Would you restate the entries below word for word, starting at the first line and ending with the one that has "Red Dragonfly Women's"?

PROVIDED INFORMATION Start Marker

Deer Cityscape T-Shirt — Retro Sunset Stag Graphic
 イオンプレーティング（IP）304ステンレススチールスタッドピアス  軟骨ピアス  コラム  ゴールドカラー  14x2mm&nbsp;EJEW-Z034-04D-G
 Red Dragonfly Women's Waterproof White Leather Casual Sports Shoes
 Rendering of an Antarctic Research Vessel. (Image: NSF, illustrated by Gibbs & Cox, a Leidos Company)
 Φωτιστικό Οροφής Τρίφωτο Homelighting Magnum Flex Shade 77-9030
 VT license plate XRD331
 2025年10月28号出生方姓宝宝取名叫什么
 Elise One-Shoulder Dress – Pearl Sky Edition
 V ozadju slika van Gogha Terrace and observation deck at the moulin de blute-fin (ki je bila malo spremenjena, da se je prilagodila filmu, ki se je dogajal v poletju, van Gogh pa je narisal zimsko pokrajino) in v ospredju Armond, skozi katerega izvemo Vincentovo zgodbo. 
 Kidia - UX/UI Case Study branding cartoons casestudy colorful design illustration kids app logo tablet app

PROVIDED INFORMATION End Marker

_COMPLETED EXERCISE_
Deer Cityscape T-Shirt — Retro Sunset Stag Graphic
 イオンプレーティング（IP）304ステンレススチールスタッドピアス  軟骨ピアス  コラム  ゴールドカラー  14x2mm&nbsp;EJEW-Z034-04D-G
 Red Dragonfly Women's Waterproof White Leather Casual Sports Shoes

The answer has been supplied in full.